Наталя Хандусенко AI Eng 7 April 2025, 16:05

DeepSeek is developing a new method to improve LLM reasoning capabilities: it will help guide AI models to human preferences

DeepSeek, together with researchers at Tsinghua University, developed a technique that combines two methods: generative reward modeling (GRM) and self-tuning criticism. This dual approach can help LLM provide better and faster results for common queries.

Leave a comment

DeepSeek is developing a new method to improve LLM reasoning capabilities: it will help guide AI models to human preferences

DeepSeek, together with researchers at Tsinghua University, developed a technique that combines two methods: generative reward modeling (GRM) and self-tuning criticism. This dual approach can help LLM provide better and faster results for common queries.

The new method aims to help artificial intelligence models better follow human preferences by offering rewards for more accurate and understandable answers, according to a paper published on the arXiv platform.

Reinforcement learning has proven effective in speeding up AI tasks in narrow domains and areas. But extending it to more general models has proven challenging—and that’s exactly the problem the DeepSeek team is trying to solve with what it calls self-tuning criticism .

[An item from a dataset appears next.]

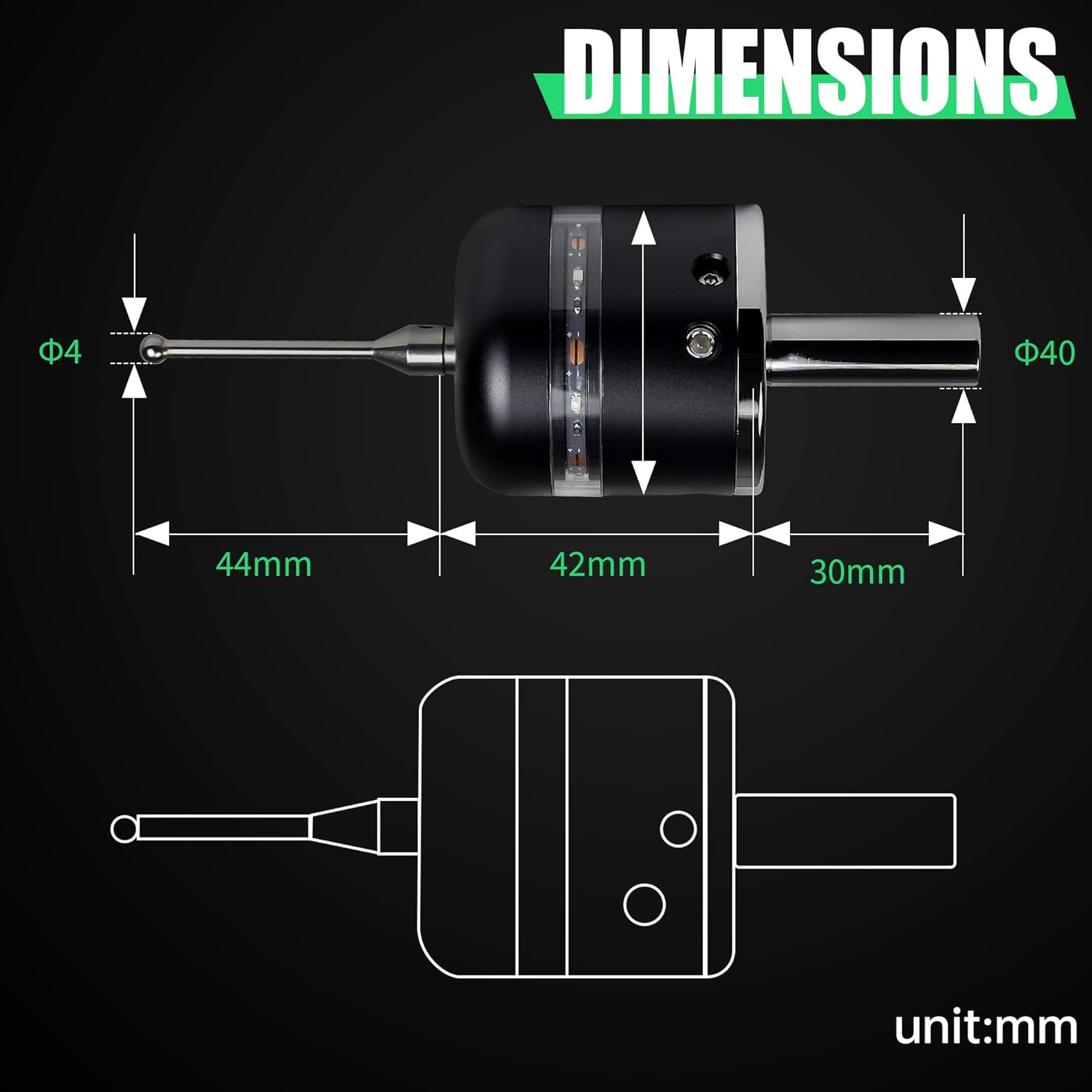3D Touch Probe Edge Finder Trigger Finder,X Y Z Axis Measurement Centering Rod for Metals, Not Support the Detection of Insulation Materials and Insulating Spindle (Green light)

Generative Reward Modeling (GRM) is a process that guides LLMs toward human preferences and will become a key component of future AI models.

According to the article, the new strategy outperformed existing methods and models in various tests, and the result showed better performance with fewer computational resources.

According to the researchers, DeepSeek intends to make GRM models open, but they do not say when exactly this will happen.

In January, Chinese startup DeepSeek introduced a new version of AI — DeepSeek-R1, which beat its main competitor ChatGPT in the US App Store by almost a week. With its popularity, DeepSeek-R1 caused a drop in the stock prices of technology companies, including top graphics processor manufacturer Nvidia (its CEO Jensen Huang's fortune decreased by more than $20 billion).

Later, OpenAI accused the Chinese company DeepSeek of using American AI models to train a chatbot, and various countries began to block it.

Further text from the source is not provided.